You will soon be able to get your whole genome sequenced for as little as $100, you already can get your exome sequences at that price-point. The actual hardware is also getting cheaper. A handheld sequencing device has already been produced by the trailblazers at Nanopore. Governments are getting in on the act too. In the UK, the Health Secretary has recommended that all children have their DNA sequenced at birth. This information combined has led market analysts to predict huge growth in the space, taking it to 2 billion consumers and $25 billion dollars.


You may have heard about the promises around personalised genetic data for scientific research, but you may not have heard about the interest from big business. Genetic discrimination occurs when people are treated differently by their employer or insurance company because they have a gene mutation that causes or increases the risk of an inherited disorder. Fear of discrimination is a common concern among people considering genetic testing. On May 21, President  Bush signed the Genetic Information Nondiscrimination Act (GINA) of 2008 into law. Senator Ted Kennedy hailed GINA as the “first civil rights bill of the new century.” The new law prevents discrimination from health insurers and employers. However, the Council for Responsible Genetics found that there are 500 cases of individuals who have been barred from employment or lost their health and life insurance based on an apparent or perceived genetic abnormality.


This hasn’t deterred big business. The leader in the personalised genetic sequencing race, 23andme, has already sold their customers data to Genentech. Google will show geneticists how to upload DNA data to the cloud. Government is not immune to this either. The NHS has a history of selling information to third parties, including drug and insurance firms. However, it cannot be denied the efficiency and value in the products that these commercial products are creating.
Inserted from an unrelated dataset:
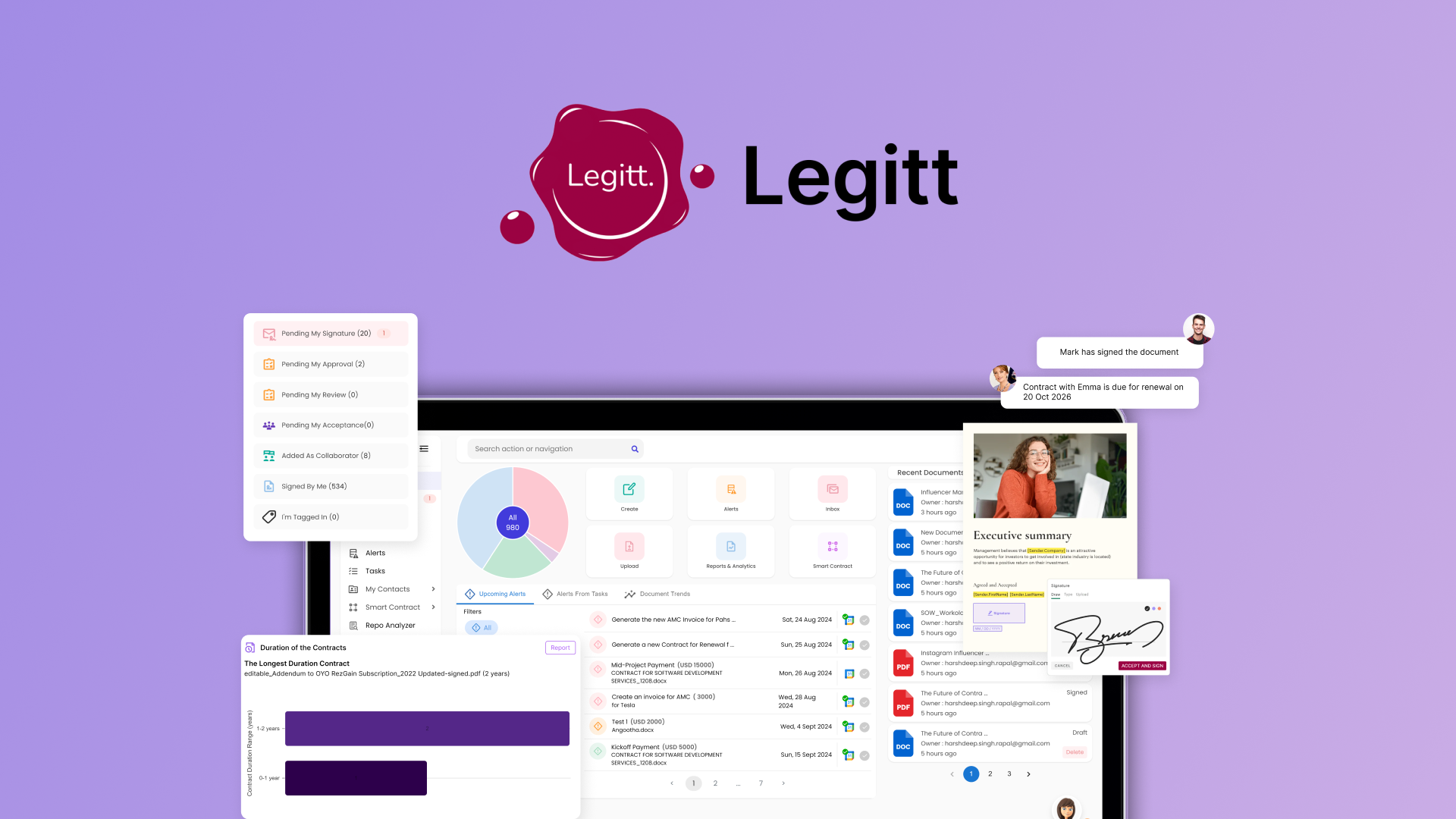 Legitt AI – LIFETIME Deals by appsumo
It could be argued that restricting access to this pool of information will restrict the speed at which medicine advances in this space.


So begins part 2 of The Human Genome Race – Privacy


For those unfamiliar with part one, at the turn of the millenium a publicly funded consortium took on the private company Celera in a race to be the first to sequence the human genome. The race caught the attention of researchers, world leaders and the general public. While some  would say that Celera won the race, both parties had their results published in leading scientific journals at the same time. Then there are those who argue that Celera was better at issuing press releases than the government-funded consortium.


So, who are the new players in this race? They can be easily separated into 2 categories; blockchain based start-ups and the establishment, as well as those who seem to straddle the fence between the two. 23andme, as previously mentioned have history in the privacy space. The fine print at 23andMe says the firm shares de-identified, aggregated DNA information by default with third-party firms to improve their service. More than 80 percent of customers also consent to share more widely, allowing the firm to share with or sell data to pharmaceutical companies. Whether they actually know that they’re agreeing to this is another question.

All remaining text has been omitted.